- **SOURCE RECORDS**
====

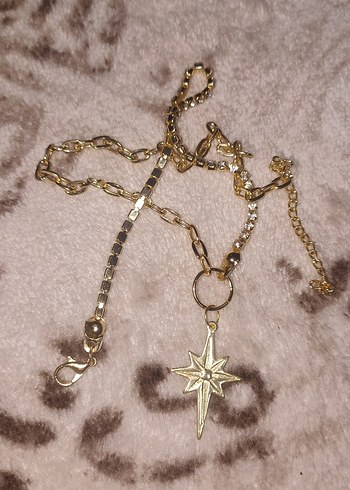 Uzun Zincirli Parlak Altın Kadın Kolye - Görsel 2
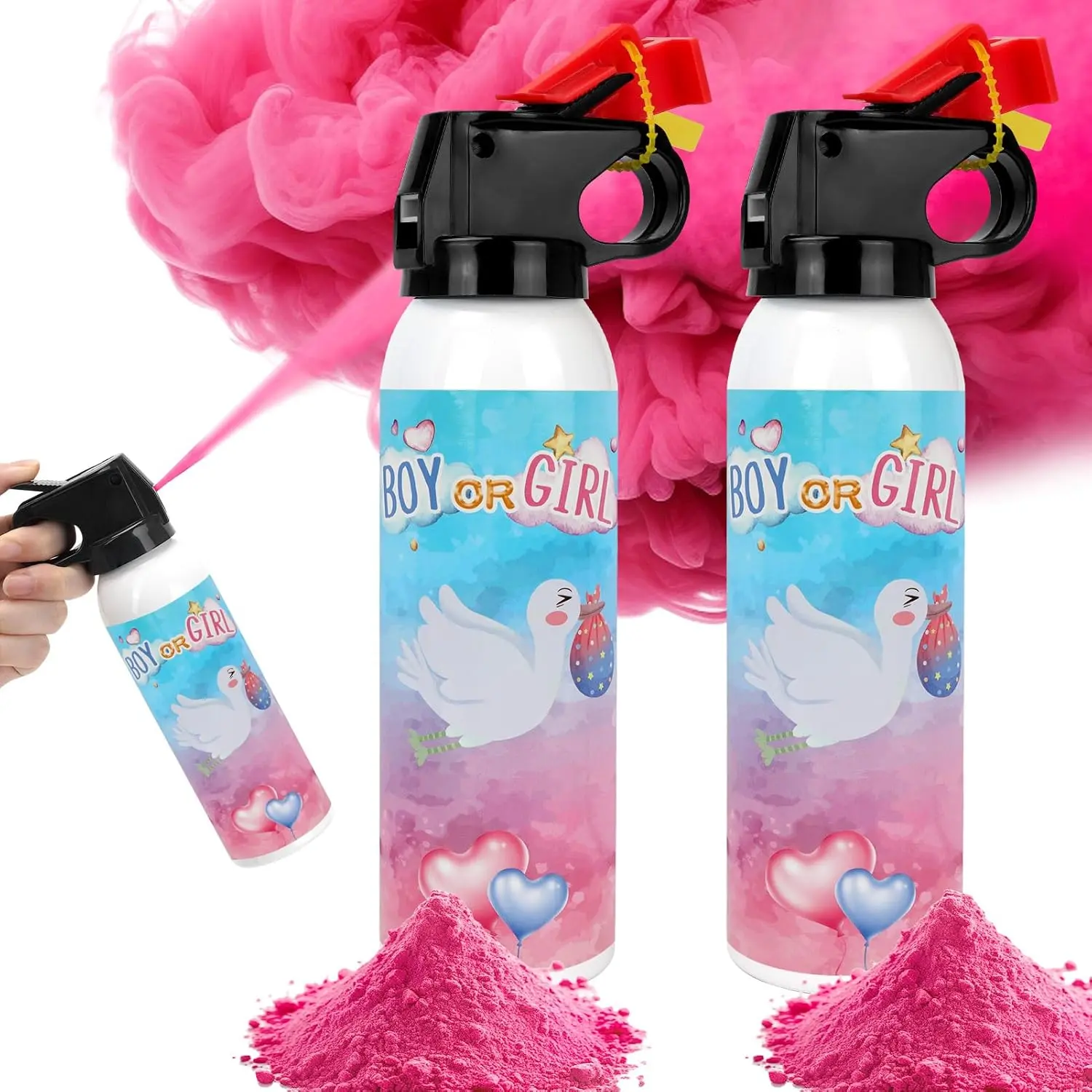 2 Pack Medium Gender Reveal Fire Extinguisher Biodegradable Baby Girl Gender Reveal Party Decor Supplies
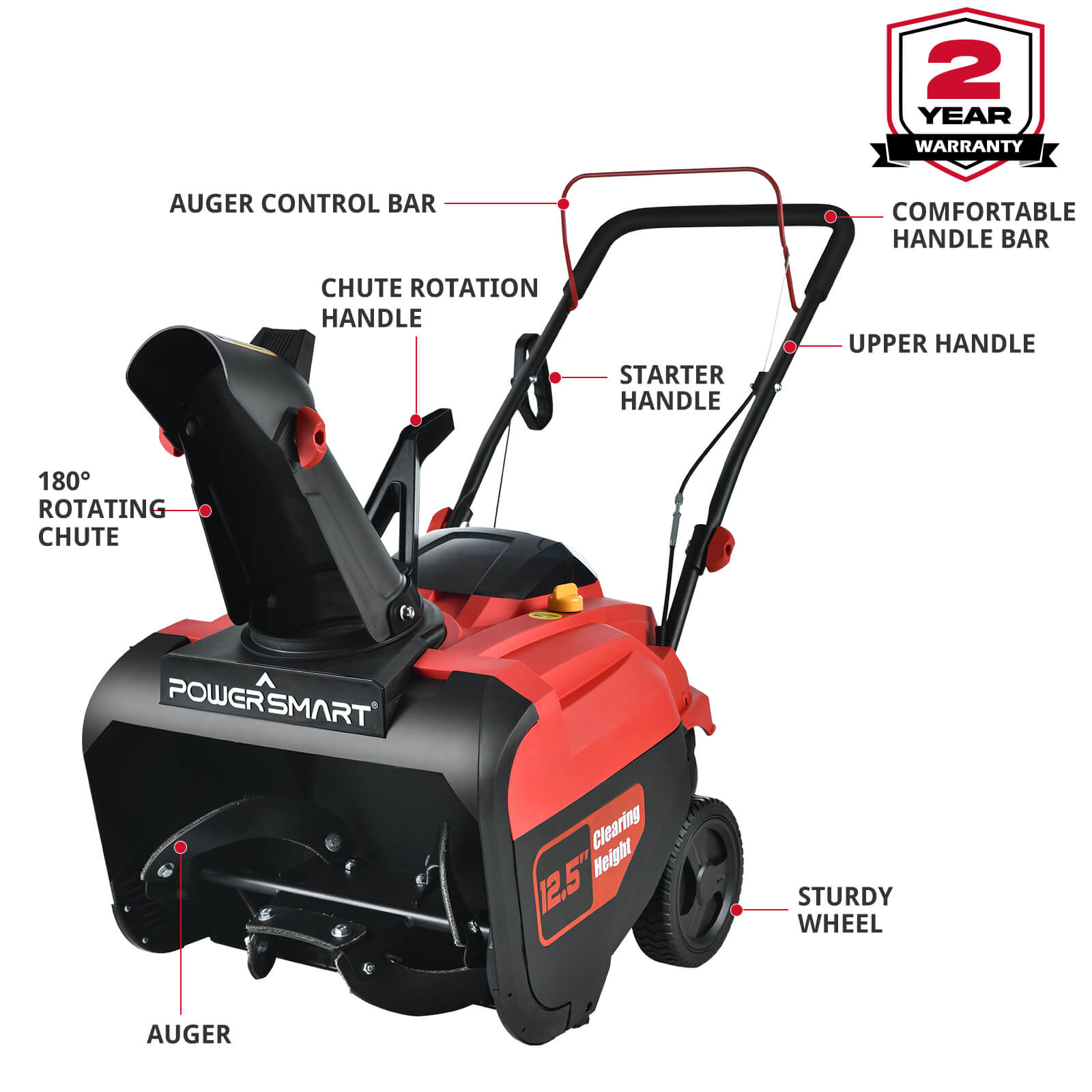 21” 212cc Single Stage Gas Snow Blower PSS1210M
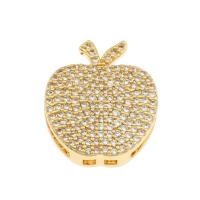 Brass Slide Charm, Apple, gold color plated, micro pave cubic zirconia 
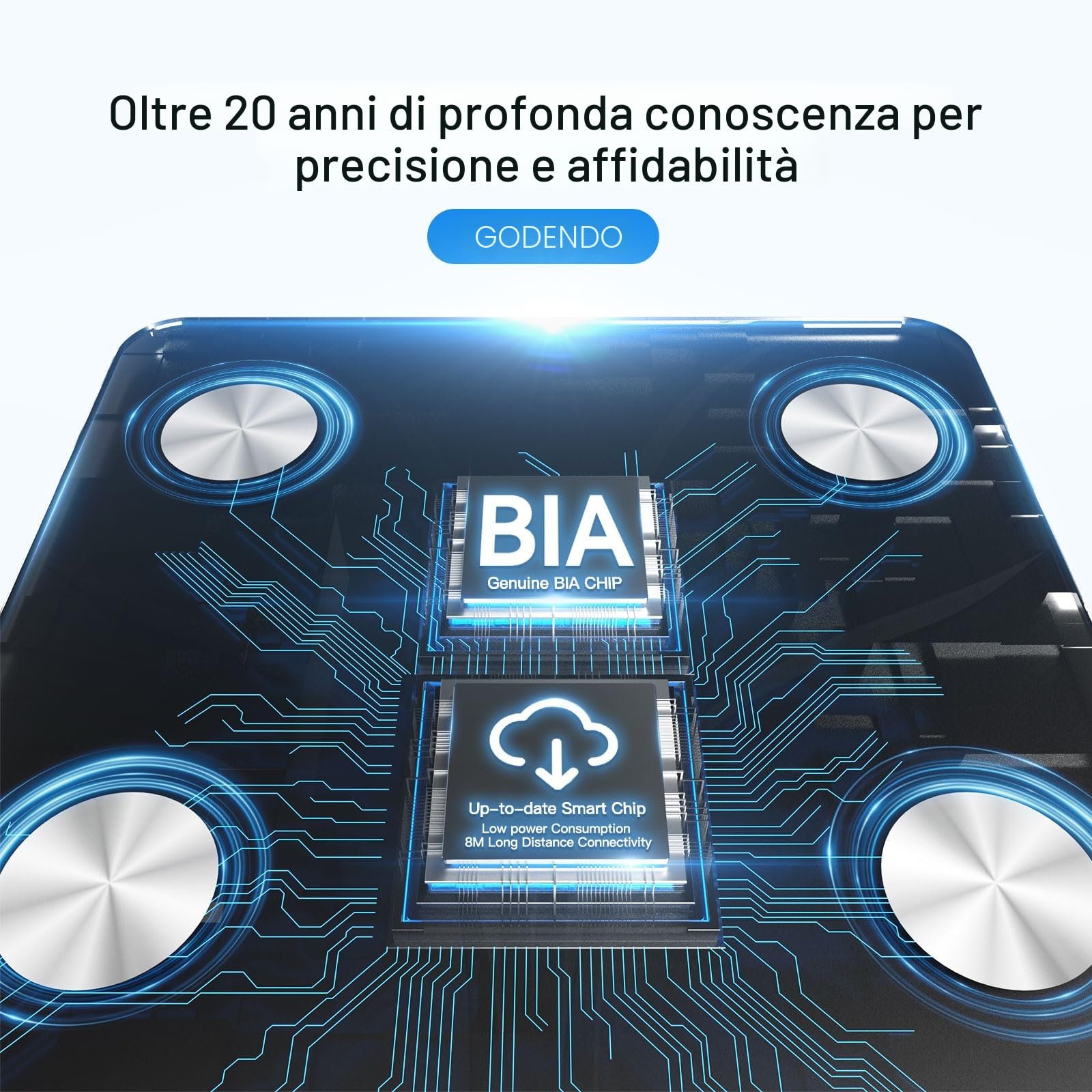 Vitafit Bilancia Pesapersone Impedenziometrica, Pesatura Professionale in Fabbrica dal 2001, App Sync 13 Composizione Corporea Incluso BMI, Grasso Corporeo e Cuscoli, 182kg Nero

====

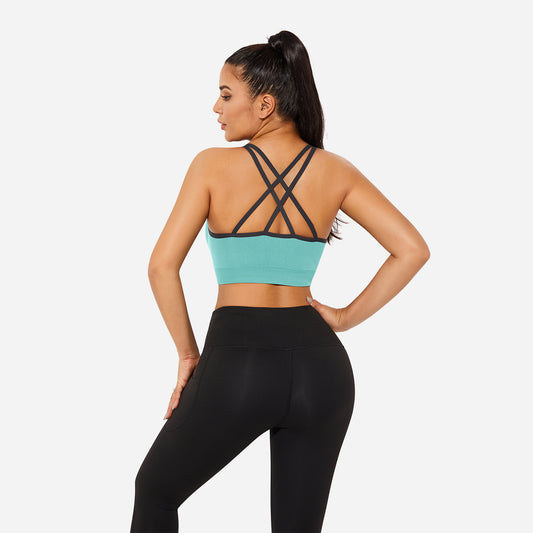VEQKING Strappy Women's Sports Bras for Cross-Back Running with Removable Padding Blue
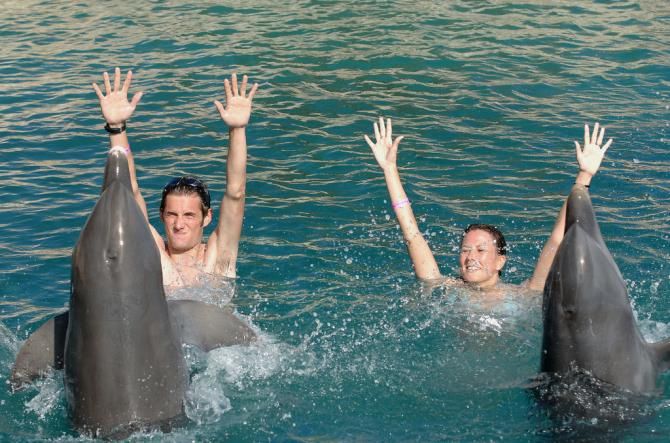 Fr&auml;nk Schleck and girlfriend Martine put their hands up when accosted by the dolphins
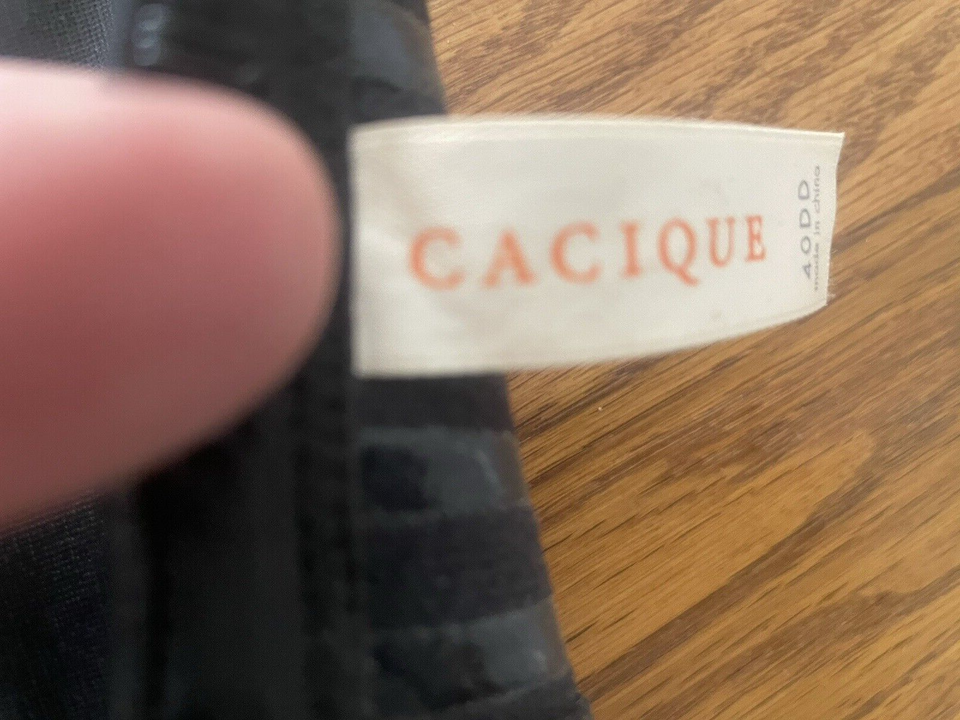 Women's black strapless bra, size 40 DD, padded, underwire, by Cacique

====

- **TASK ITEM**
Start with the line with "Uzun Zincirli Parlak" in the listing above and stop after the line with "Vitafit Bilancia Pesapersone". Write out exactly the lines in that stretch and no others, without pictures.

- **EXERCISE RESPONSE**
 Uzun Zincirli Parlak Altın Kadın Kolye - Görsel 2
 2 Pack Medium Gender Reveal Fire Extinguisher Biodegradable Baby Girl Gender Reveal Party Decor Supplies
 21” 212cc Single Stage Gas Snow Blower PSS1210M
 Brass Slide Charm, Apple, gold color plated, micro pave cubic zirconia 
 Vitafit Bilancia Pesapersone Impedenziometrica, Pesatura Professionale in Fabbrica dal 2001, App Sync 13 Composizione Corporea Incluso BMI, Grasso Corporeo e Cuscoli, 182kg Nero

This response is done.